Wednesday, August 1, 2007

Hating the Game, Not the Player

By Michael Haas

It's too bad that Minnesota had to lose a great personality and player such as Kevin Garnett. Before the trade rumors happened, many Minnesotans agreed that it was time to let go of KG, move the team in a new direction. It's hard to remember exactly how it came to that point. How did we become so open to the idea of trading one of the best professional athletes in Minnesota history? Poor decisions by ownership and GM's, had a hand in the situation; but for some reason, I feel like the NBA is to blame here. The NBA does not allow us to be successful AND have a big money player.

I know nothing of NBA finances, but I have heard that they have something called a "salary cap." It sounds similar to the 200 million dollar payroll - luxury-tax - threshold they have in Major League Baseball. But I think the difference is that only two or three teams in baseball CAN afford to get to that sky high payroll, let alone pay the luxury tax. (Twins payroll is like 85 mil)

When a team has a player like KG, it eats a huge chunk of your capped salary. It leaves (relatively) little money for other players.

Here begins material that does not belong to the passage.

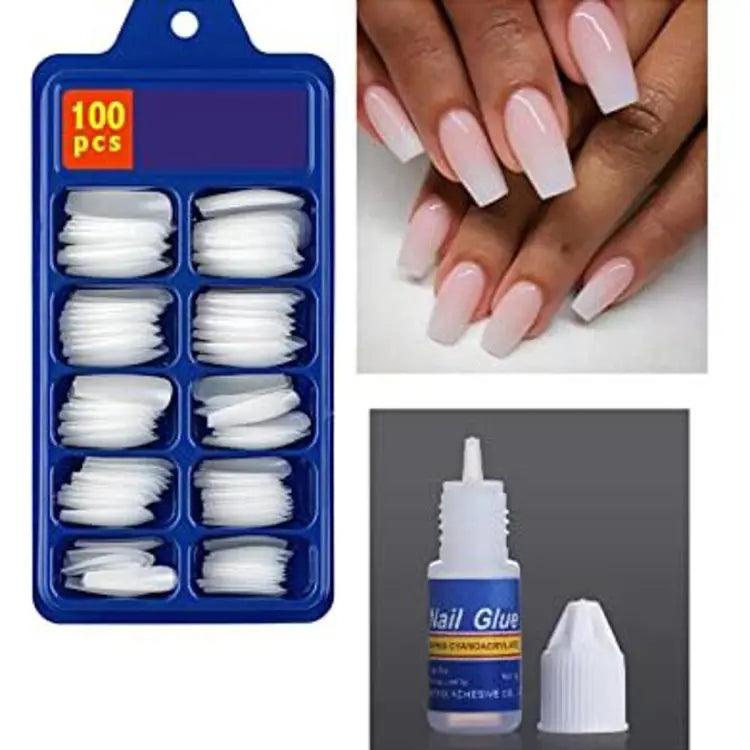 100-Pcs Natural Transparent Artificial Nails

The bottom line is this: You have to be a genius to be able to juggle a huge contract and build a decent team around it. Kevin McHale is not a genius. No one should be ripped to shreds for not being a genius. The NBA needs to change.

Somehow.



1 comment:

TwinsWin83 said...

I think it was hard for the simple reason that I have been watching KG as THE Timberwolf since I was 11 years old. When he first came out of high school he was the shit and he turned around an organization that had never even had a 30 win season in its history. "The Kid" was the reason I became a Wolves fan for the next decade.